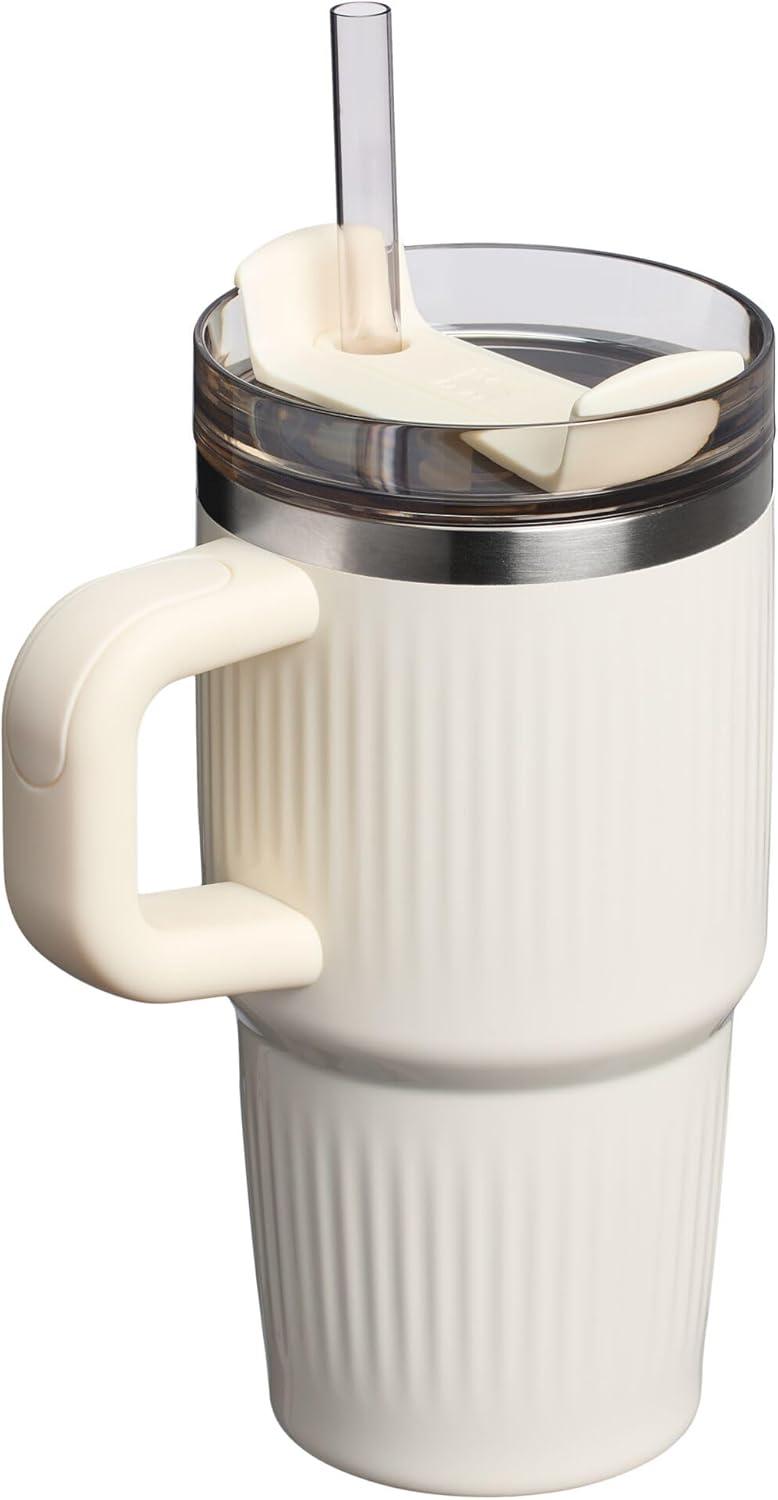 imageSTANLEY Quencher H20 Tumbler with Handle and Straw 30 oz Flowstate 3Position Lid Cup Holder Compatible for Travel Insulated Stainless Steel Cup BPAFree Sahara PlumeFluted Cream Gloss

──────

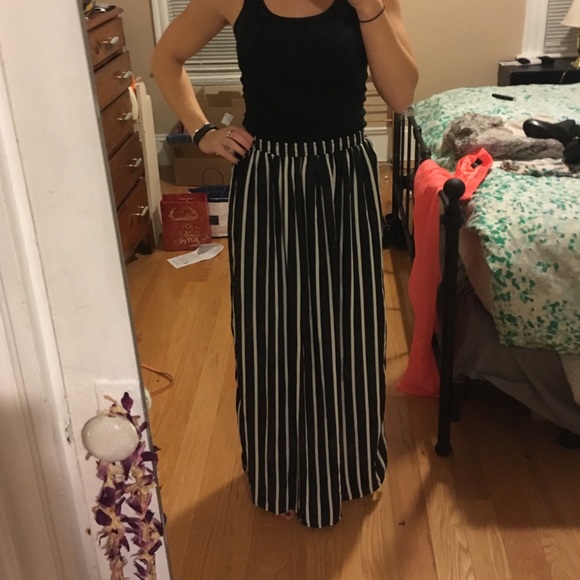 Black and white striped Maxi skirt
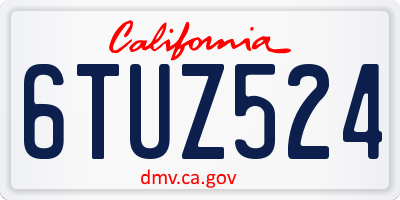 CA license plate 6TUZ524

──────

The problem>
Would you write out exactly the lines above, starting at the line containing "Black and white striped Maxi skirt" and stopping after the line containing "CA license plate 6TUZ524"? Omit the pictures.

Finished exercise>
 Black and white striped Maxi skirt
 CA license plate 6TUZ524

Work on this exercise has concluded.